Saturday, November 7, 2009

Child Life Center at Lucille Packard Children's Hospital

The Lucille Packard Children's Hospital serves numerous children with life-threatening illnesses. Many are housed in the Ronald McDonald House with their families. The Child Life Center insures that as much normalcy as possible is provided so that the young patient can experience treatment in the best possible way. Child Life Specialist Debra Montack told me that even siblings attend regular school sessions with their brother or sister. But, during the flu season, especially the current H1N1 virus, the patients are further isolated.

Such a condition prompted the perfect answer from Screen 360. Katy Kavanaugh and Screen 360 are developing a program of international films with Debra Montack to occupy eight unused hours of closed-circuit television in the patients' rooms.

  • The technology used will be MP2 movie files uploaded and screened via closed circuit television with in-room response technology available to the patient for engaging in Q&A after viewing;
  • It is projected that the program will be sustained as a non-profit project fiscally sponsored by the hospital, and I aspire that it garners eventual sponsorship through Netflix.
  • The degree of the program's effect is that patients will feel less isolated when they see more of the greater world and its cultures through these cinematic stories, it will support the school component at LPCH, they will be inspired to wonder about the world....and perhaps support their own healing.
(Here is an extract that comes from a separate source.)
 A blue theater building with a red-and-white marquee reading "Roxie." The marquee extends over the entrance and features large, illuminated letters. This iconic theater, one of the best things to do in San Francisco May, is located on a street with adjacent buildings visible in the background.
International cinema for young audiences:

Offers language immersion to support language learning or stimulate desire to learn a second language;

Offers a window into culture, history, geography, politics all at a child's eye view;

Offers alternative storytelling styles and aesthetics;

Offers common stories to share with international peers and serves the development of empathy;

Offer exit, to imagine and delight.


The patients at Lucille Packard Children's Hospital are are already isolated from their peers and due to H1N1, the isolation is compounded, making those delightful moments of exit--away from their illnesses --valuable healing moments. With Screen 360's closed-circuit film festival, they will have the opportunity to select films in their rooms with the option to plan intra-room screenings simultaneously and engage in question and answer sessions following the screening with each other, with care providers and with family members in external lounges. When the program is presented live in the spring, after flu season, patients will also be able to participate live as a studio audience and engage in questions and answers with the presenter, filmmakers and special guests to further enrich their learning.